Meffert Mollie K, Chang Jolene M, Wiltgen Brian J, Fanselow Michael S, Baltimore David
Division of Biology, MC204-31 California Institute of Technology, Pasadena, California 91125, USA.
Nat Neurosci. 2003 Oct;6(10):1072-8. doi: 10.1038/nn1110. Epub 2003 Aug 31.

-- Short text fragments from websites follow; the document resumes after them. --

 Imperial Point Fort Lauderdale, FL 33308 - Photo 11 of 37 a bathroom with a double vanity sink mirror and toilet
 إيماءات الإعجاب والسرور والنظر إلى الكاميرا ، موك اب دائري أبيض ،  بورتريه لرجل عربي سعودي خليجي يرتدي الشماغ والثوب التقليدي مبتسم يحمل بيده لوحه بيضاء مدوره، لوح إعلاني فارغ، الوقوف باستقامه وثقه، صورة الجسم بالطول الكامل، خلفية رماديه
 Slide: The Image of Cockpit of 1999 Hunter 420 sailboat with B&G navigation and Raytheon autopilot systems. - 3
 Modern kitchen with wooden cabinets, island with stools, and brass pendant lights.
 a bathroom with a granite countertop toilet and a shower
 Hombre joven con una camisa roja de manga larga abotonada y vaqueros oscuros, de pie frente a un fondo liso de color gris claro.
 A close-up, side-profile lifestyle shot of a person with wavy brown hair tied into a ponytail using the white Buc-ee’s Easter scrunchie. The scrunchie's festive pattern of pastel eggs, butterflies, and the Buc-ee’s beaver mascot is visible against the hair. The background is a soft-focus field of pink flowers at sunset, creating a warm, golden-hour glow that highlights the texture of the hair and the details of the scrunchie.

Ca(2+)-regulated gene transcription is essential to diverse physiological processes, including the adaptive plasticity associated with learning. We found that basal synaptic input activates the NF-kappa B transcription factor by a pathway requiring the Ca(2+)/calmodulin-dependent kinase CaMKII and local submembranous Ca(2+) elevation. The p65:p50 NF-kappa B form is selectively localized at synapses; p65-deficient mice have no detectable synaptic NF-kappa B. Activated NF-kappa B moves to the nucleus and could directly transmute synaptic signals into altered gene expression. Mice lacking p65 show a selective learning deficit in the spatial version of the radial arm maze. These observations suggest that long-term changes to adult neuronal function caused by synaptic stimulation can be regulated by NF-kappa B nuclear translocation and gene activation.
钙(Ca2+)调节的基因转录对于多种生理过程至关重要,包括与学习相关的适应性可塑性。我们发现基础突触输入通过一条需要钙(Ca2+)/钙调蛋白依赖性激酶CaMKII和局部膜下钙(Ca2+)升高的途径激活NF-κB转录因子。p65:p50 NF-κB形式选择性地定位于突触;p65缺陷小鼠没有可检测到的突触NF-κB。激活的NF-κB转移到细胞核,并可直接将突触信号转化为基因表达的改变。缺乏p65的小鼠在放射状臂迷宫的空间版本中表现出选择性学习缺陷。这些观察结果表明,突触刺激引起的成年神经元功能的长期变化可由NF-κB核转位和基因激活来调节。